Despite about five years of playing, I realized I couldn't answer simple questions, like "What are five middle-range ten footers for score, emphazing diversity of charts over parity?" "What chance does JJK have of beating DukAmok in a fair match?" "What songs should Mike Quintance practice in order to get better fastest?" I could guess, and my hunches were pretty educated (as I'd later find out), but I had no scientific method of checking any of this information. I had hundreds of pages of song statistics, meticulously kept by Groovestats, and advanced tournament data of my own devising, but I was still clueless. Maybe In the Groove was too casual to know the answers to these questions?
I decided to find out. Over the last few weeks, I've applied some of my sabermetric knowledge to In the Groove. First, I developed a formula for integrated difficulty, the difficulty of a song to score on paper. I learned very quickly that this number was relatively meaningless. Variance of scores, the ability to remain consistent, was most important for tournament performance, and so I developed a form of ordinal and composite tournament difficulty.
I used these statistics to derive two different statistics for advantages. One of these I called Paper Advantage (PA), and I defined it as (Normalized Best - mean Normalized Best)(Integrated Difficulty). This was fairly useless. However, Tournament Advantage (TA), which I defined as (Tournament Difficulty)(Variance - mean Variance) seemed more promising. I made both ordinal and composite models of tournament advantage (called oTA and cTA)
Taking a chapter from the discipline called APBRmetrics (sabermetrics for basketball), I developed two statistics:
Quote: | Efficiency: cTA - mcTA |
Quote: | Match Efficiency: {[X(oTA)-Y(opponent oTA)+R(cTA)-R(opponent cTA)]/100} + 50%, where X is the number of your picks in the match, Y is the number of their picks in the match, and R is the number of random picks in the match |
Then, I backchecked them, using the same techniques I have been trained to use for sabermetrics. Backchecking using match efficiency, I was able to sucessfully predict the winner of a tournament match about 96% of the time.

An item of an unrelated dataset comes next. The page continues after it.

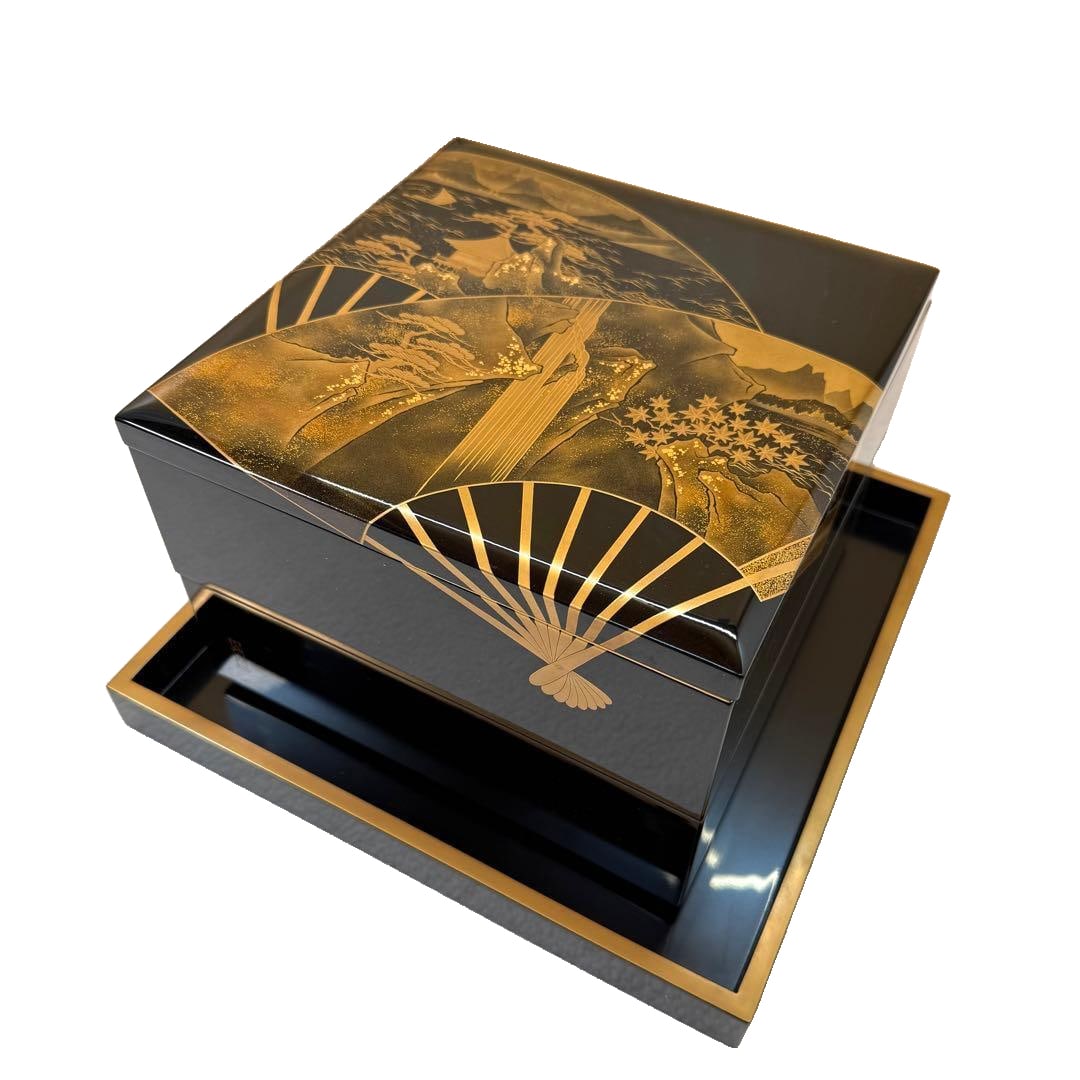 Authentic Kikuji Nakao Yamazumi Maki-e Winter Wajima Lacquer Double-Layer Box (1 of 17)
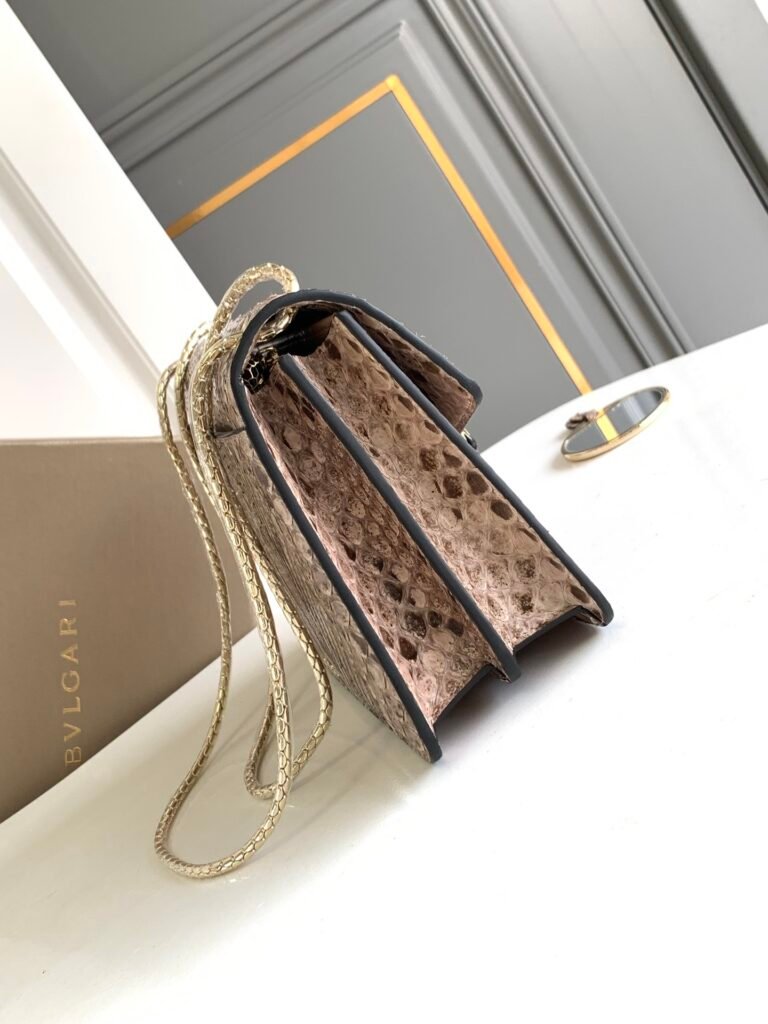BVLGARI Serpenti Forever Python Bag Misty Opal Grey Shiny Python Skin Top Handle & Shoulder Bag 2 Sizes – Image 12 BVLGARI Serpenti Forever Python Bag Misty Opal Grey Shiny Python Skin Top Handle & Shoulder Bag 2 Sizes – Image 12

Backchecking using Efficiency, normalizing for era and probability, I was able to sucessfully predict the exact placing of 95% of tournament entreants.

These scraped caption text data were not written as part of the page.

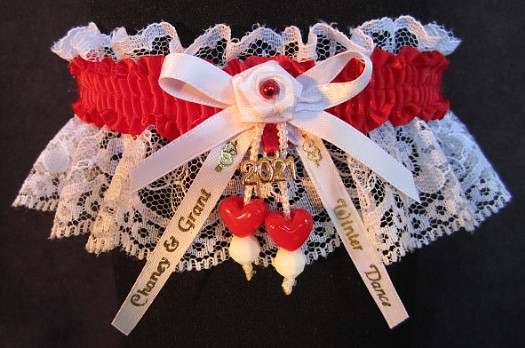 Personalized Winter Dance Garter on white lace with Double Hearts, Year Charm, Imprinted Ribbon Tails. garders, garder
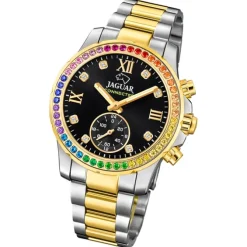 Jaguar Damenuhr Edelstahl silber gold Jaguar Connected Armbanduhr UJ982/5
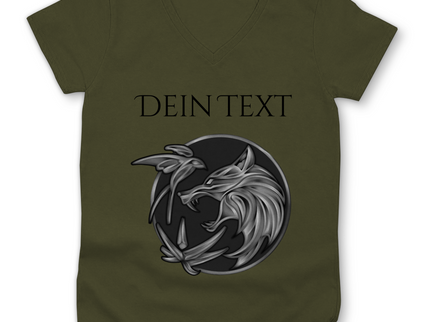 Damen Premium Bio V-Neck T-Shirt - Wolfsemblem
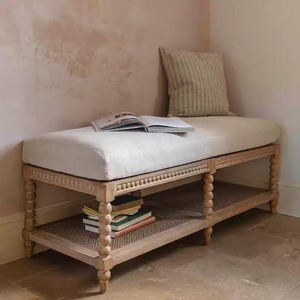 American Solid Wood <b>Bed</b> <b>End</b> Bench, French Distressed Vintage Entryway Shoe Bench, Long Upholstered Bench for Master Bedroom - Product Image 3
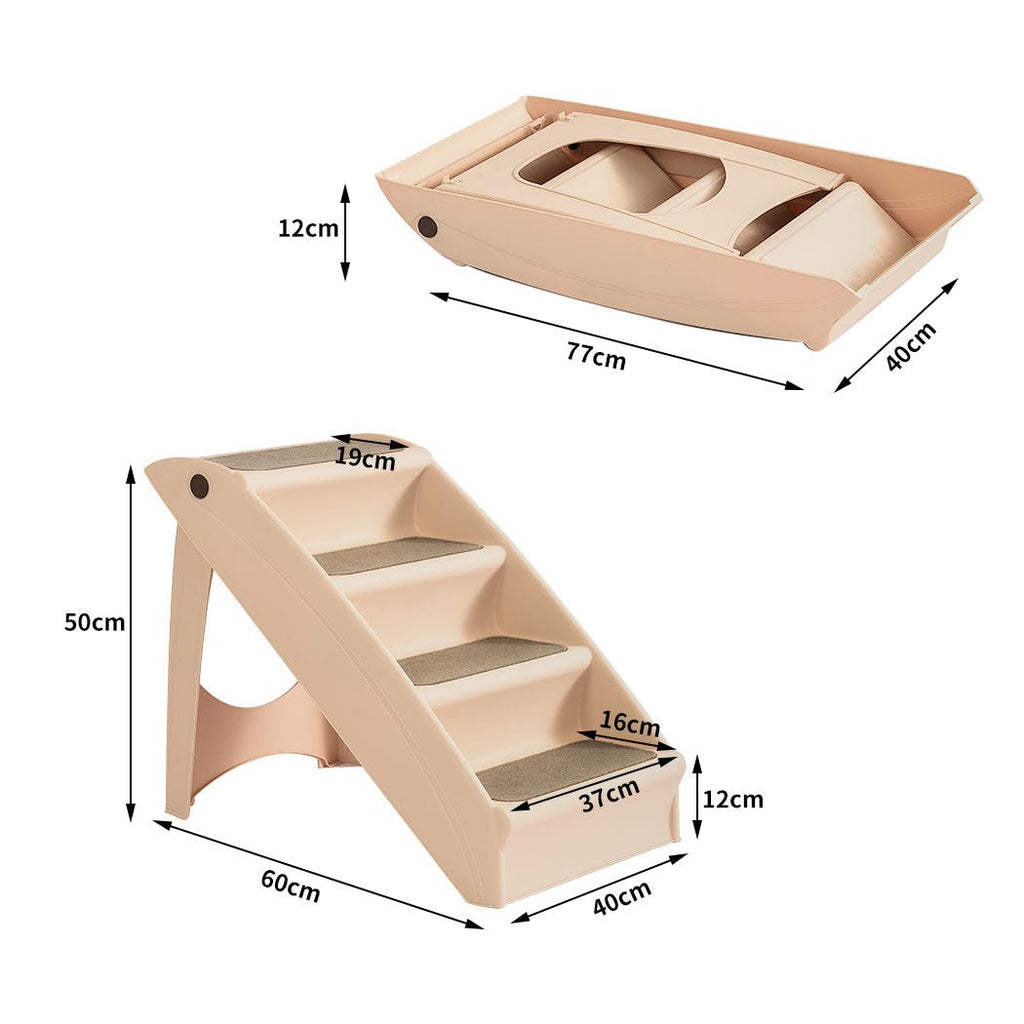 Foldable & Washable Pet Stairs Ramp - Nude - House Of Pets Delight (HOPD)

I see three applications for this work:
-Tournament Design: select qualifiers with mathematically assured parity, be able to discern exactly what effects rule changes will have on all players in an event
-Player Ranking and Prediction: rank players in an ordinal tournament system which enables you to not only mathematically determine who is better then whom, but also by how much and what the difference really means; predict the placing in tournaments with far greater transparency and reliability
-Practice and Training: isolate the precise strength and weaknesses of your own skills, and then design the optimal program of songs to increase your tournament advantage and match efficiency; design the practice repertoire which makes you the most better, the fastest
This work generalizes to DDR, and I have tested some of it through backchecking on DDR tournaments. It does require some manipulation to use, but, as a for instance, I used it to select "four mid-range ten footers as tournament qualifiers, emphasizing chart-diversity over parity, and including at least one song from each game (target audience: intermediate-skilled tournament competitiors)" and I got this list (from easiest to hardest):
Quote: | Kagami, Cryosleep, Holy Guacamole, Twilight |
I don't think I could have come up with four songs nearly that good; as soon as I saw the list I liked it but I would never have been able to come up with that.

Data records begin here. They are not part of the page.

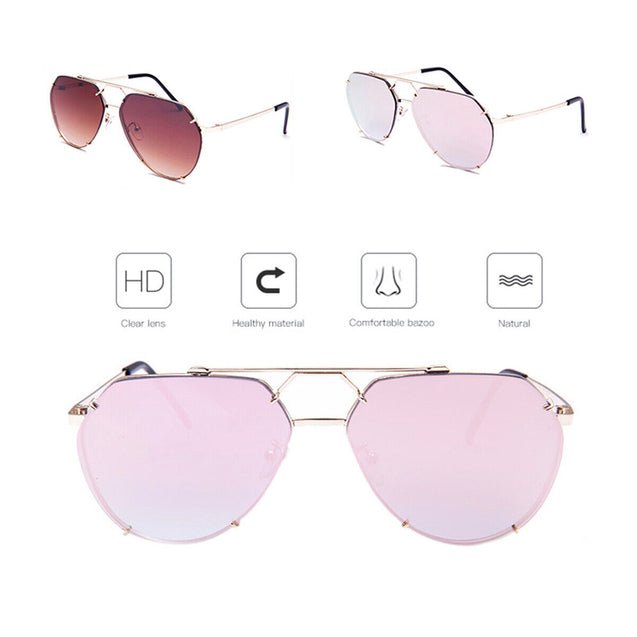 Women Flat Top Oversize Aviator XXL Metal Shades Sunglasses Gradient Lens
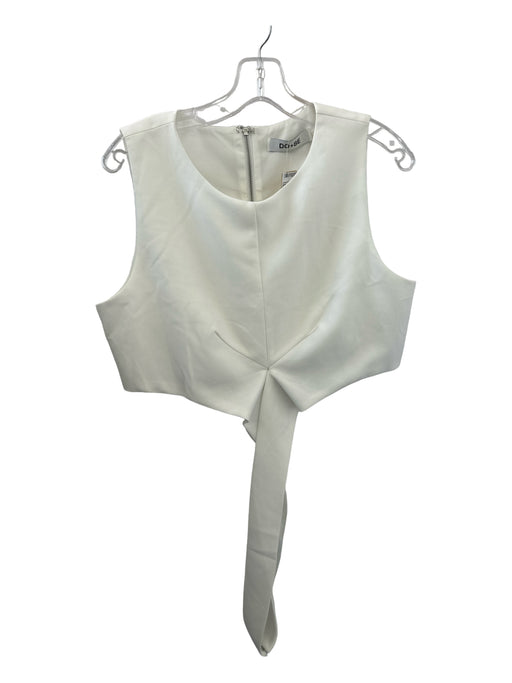 Do & Be Size L White Synthetic Sleeveless Crop Wrap Detail Back Zip Top White / L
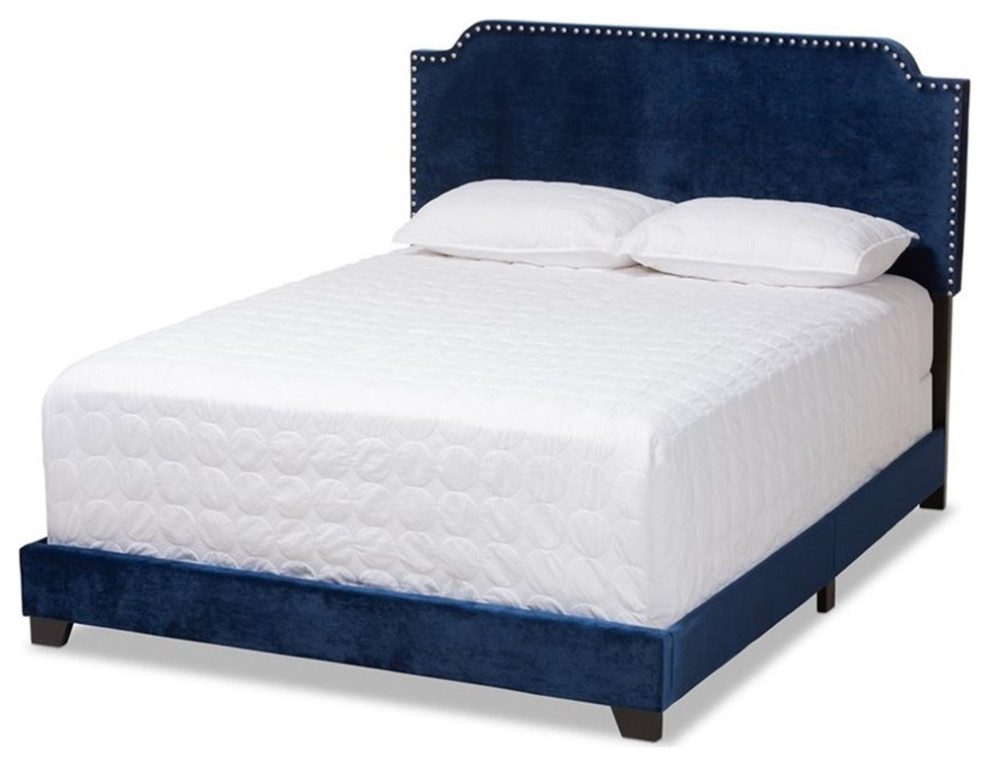 Baxton Studio Candace Velvet Nailhead Upholstered Full Bed in Navy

If anyone finds any of this topic interesting, please let me know. I am going to use some of these formula's to predict a number of events in the next few months, and in order to derive practical recommendations for someone. I'm pretty sure I'm the only person to have done something like this, but if anyone has any constructive inquiry, I'm in need of it. Serious comments only please (no "omfg u are teh fg u need teh life for making stats about itg lololol." We know. Go back to high school). _________________
|
|
Back to top |
|
|
Karl Popper Trick Member
Joined: 03 Mar 2005
|
1. Posted: Sun Jun 04, 2006 5:03 pm Post subject: |
|
|
Wow, 96 percent accuracy is amazing. And that example qualifier list is perfect. Great job. But how well does the accuracy hold up in predicting matches that are actually pretty close, such as in the finals and semifinals of tournaments? I'm assuming that number includes really obvious matches, like LilMegamanXAmok vs. random noob in the first round of a tourney. |
|
Back to top |
|
|
MinN_Limited Trick Member
Joined: 28 Aug 2005 Location: Cambridge, Ontario, Canada |
2. Posted: Sun Jun 04, 2006 5:52 pm Post subject: |
|
|
Very impressive. I honestly don't understand the formula but it's quite intriguing, good work. The results you got were also pretty amazing. How long did it take you to work all this out? |
|
Back to top |
|
|
Emptyeye Trick Member
Joined: 28 Jan 2006 Location: Waterbury, CT |
3. Posted: Sun Jun 04, 2006 6:21 pm Post subject: |
|
|
Oh **** YES this is interesting.
I'm definitely intrigued by this, and like MinN_Limited, I'd love to know where these statistics are derived from. In particular, I'm curious as to how Tournament Difficulty varies from Integrated Difficulty.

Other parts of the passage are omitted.